§ **What is needed**: Using the listing below, output only the lines from the one that contains "駿河城紅葉山庭園的夏天 駿河城紅葉山庭園的夏天 130479753" through the one that contains "Foto de VENTA", inclusive, exactly as given and without images.

§ **Source data**:
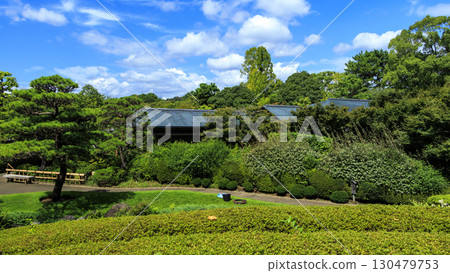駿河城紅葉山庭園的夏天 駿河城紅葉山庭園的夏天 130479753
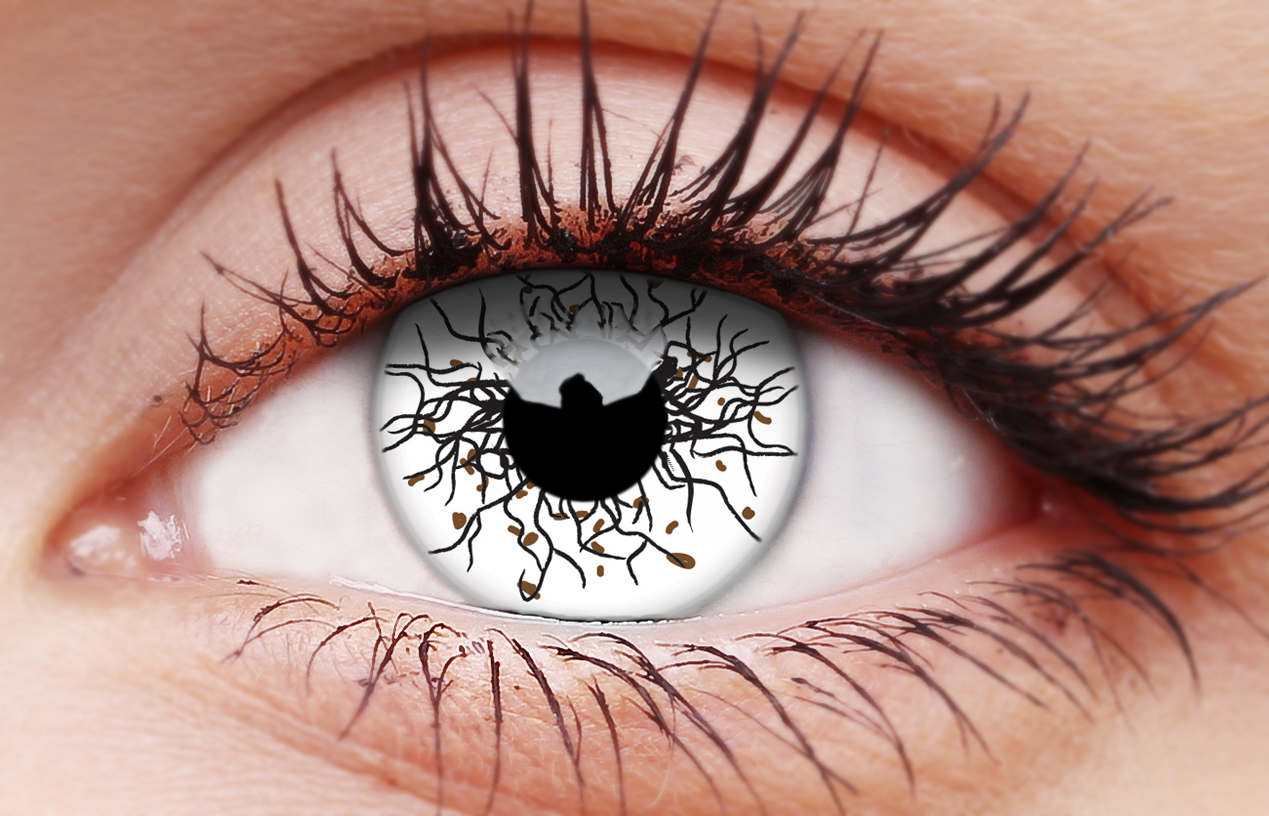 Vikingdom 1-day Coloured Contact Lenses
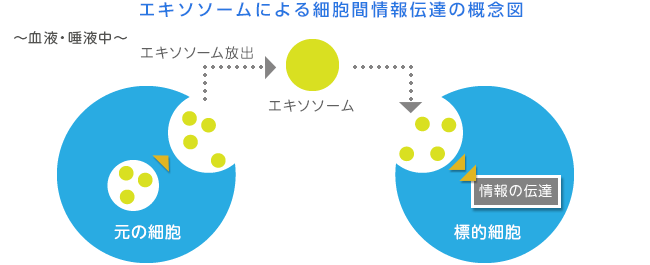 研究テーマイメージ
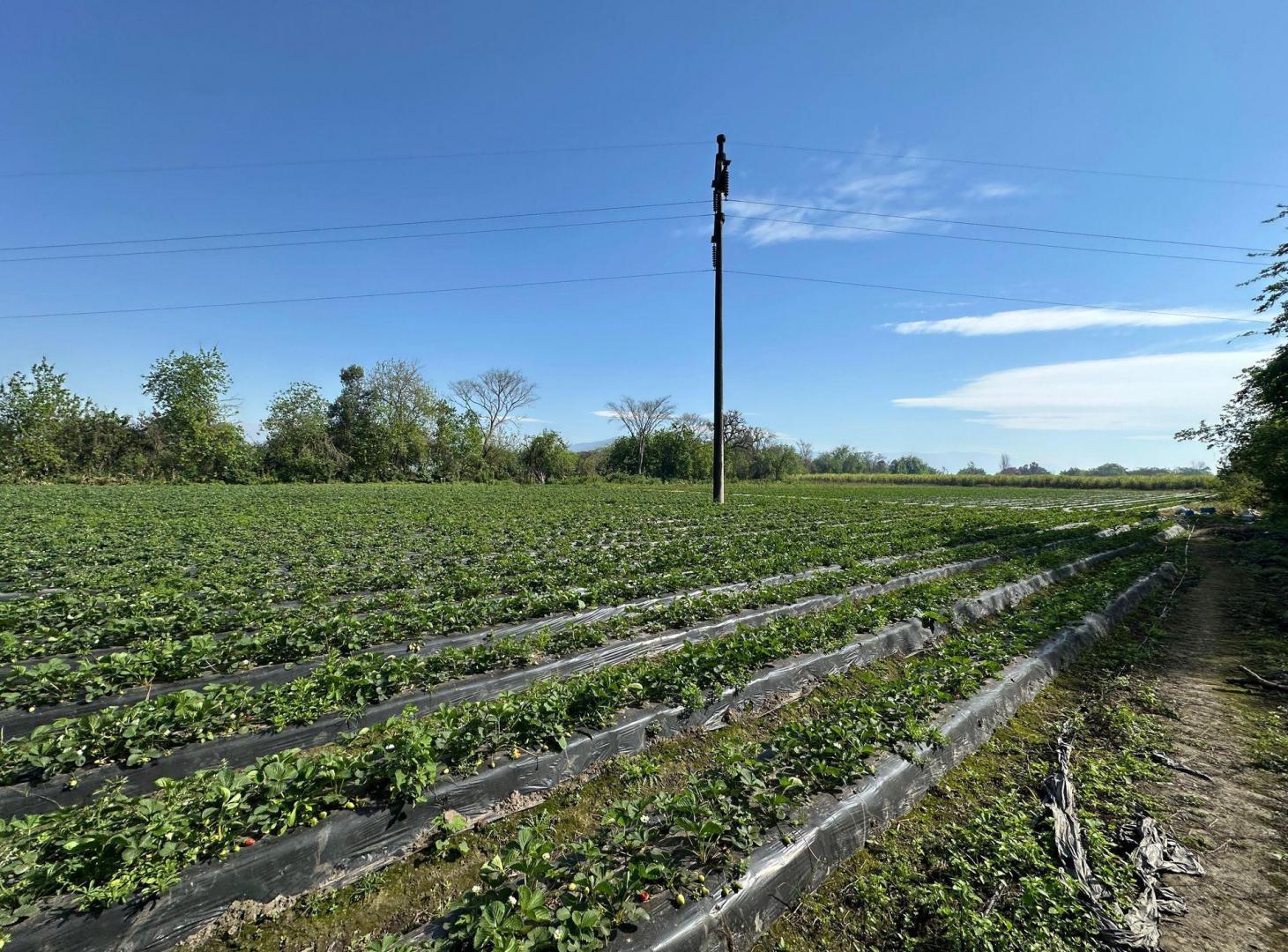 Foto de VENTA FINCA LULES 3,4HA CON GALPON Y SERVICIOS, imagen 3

==

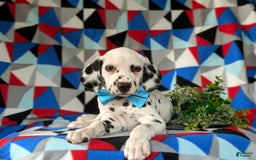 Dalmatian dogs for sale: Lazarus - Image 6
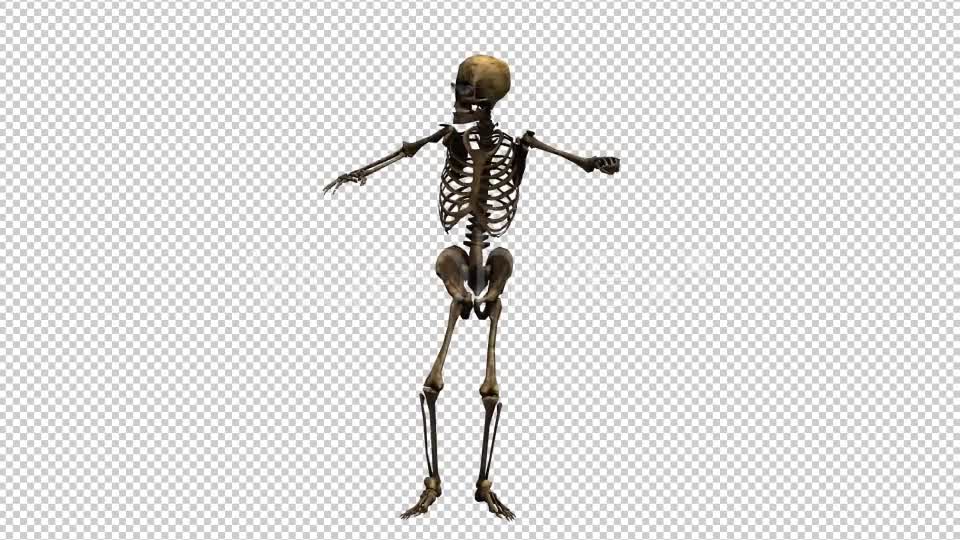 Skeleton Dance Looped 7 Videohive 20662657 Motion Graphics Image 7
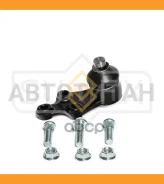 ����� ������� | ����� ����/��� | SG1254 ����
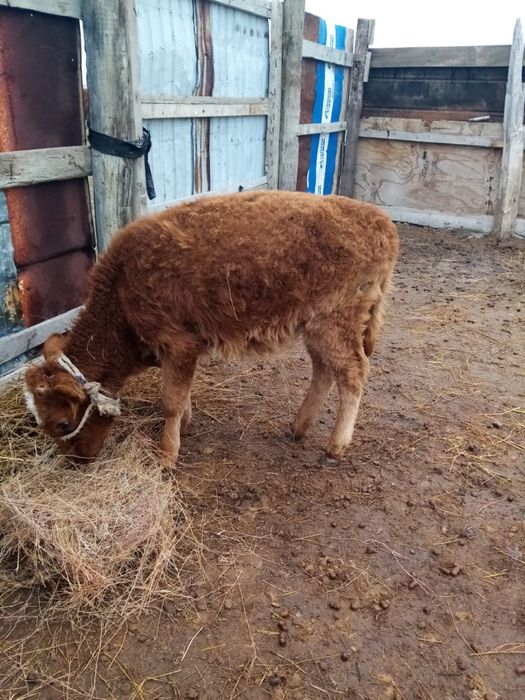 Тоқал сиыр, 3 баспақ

...

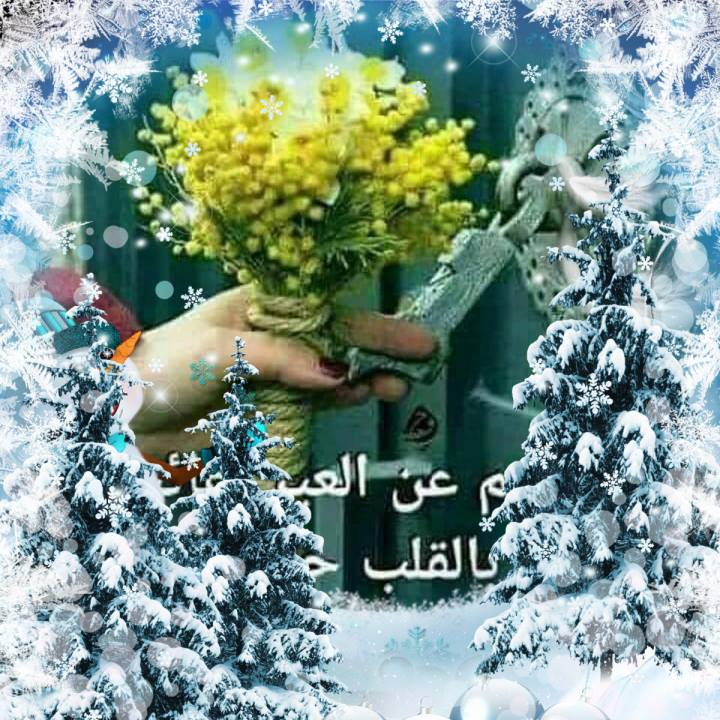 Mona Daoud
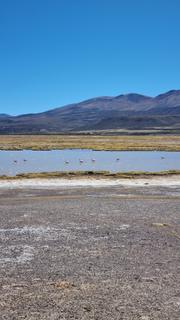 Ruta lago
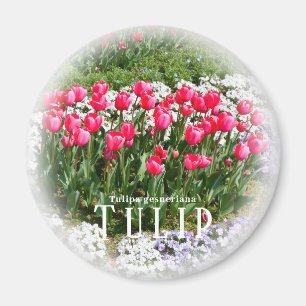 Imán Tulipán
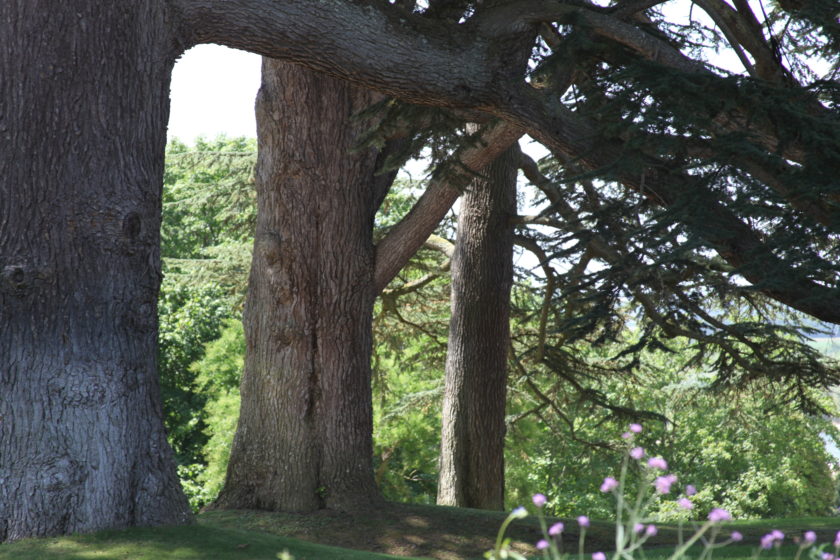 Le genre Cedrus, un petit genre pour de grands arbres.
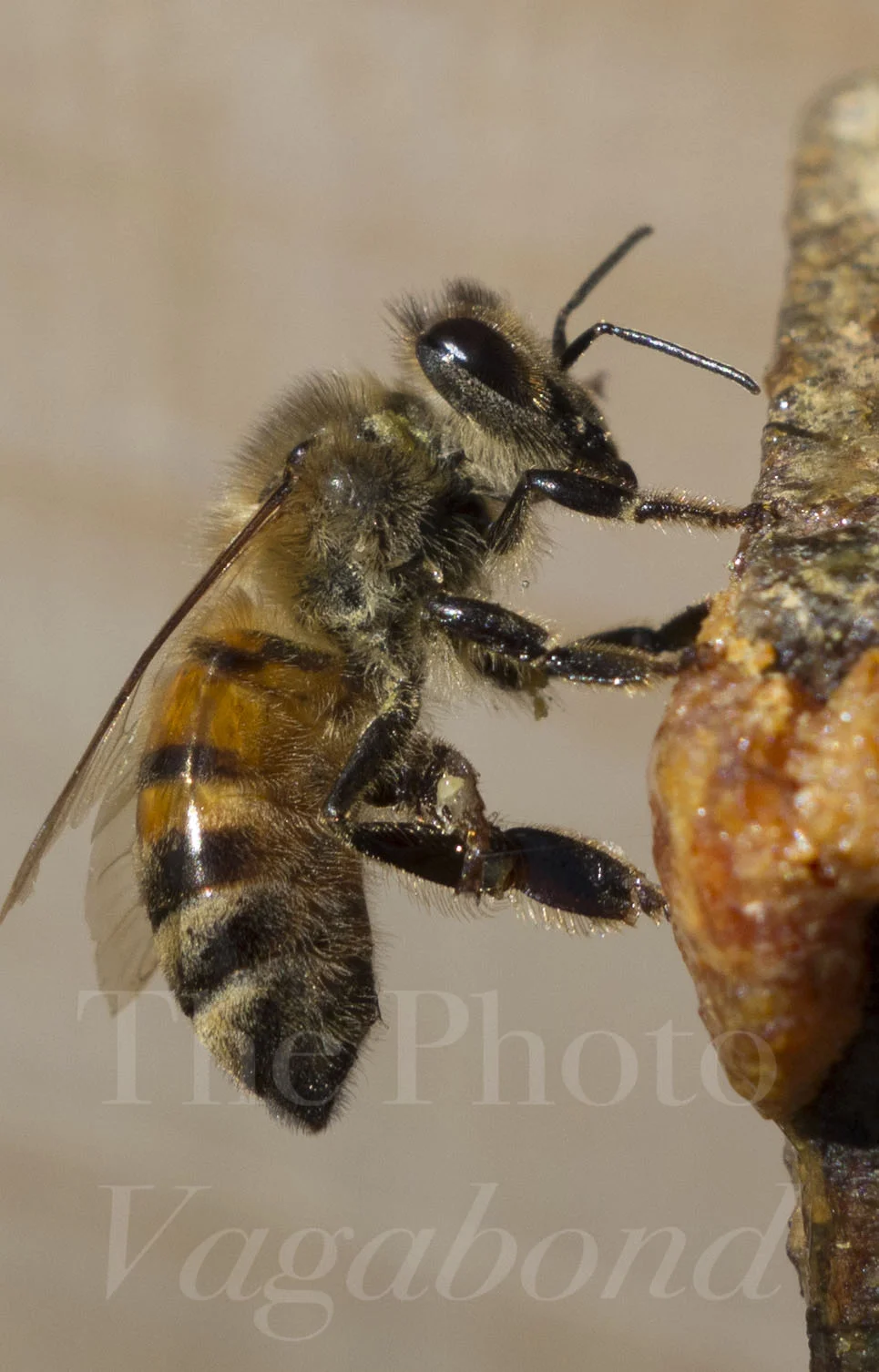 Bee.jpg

§ **Solution**:
駿河城紅葉山庭園的夏天 駿河城紅葉山庭園的夏天 130479753
 Vikingdom 1-day Coloured Contact Lenses
 研究テーマイメージ
 Foto de VENTA FINCA LULES 3,4HA CON GALPON Y SERVICIOS, imagen 3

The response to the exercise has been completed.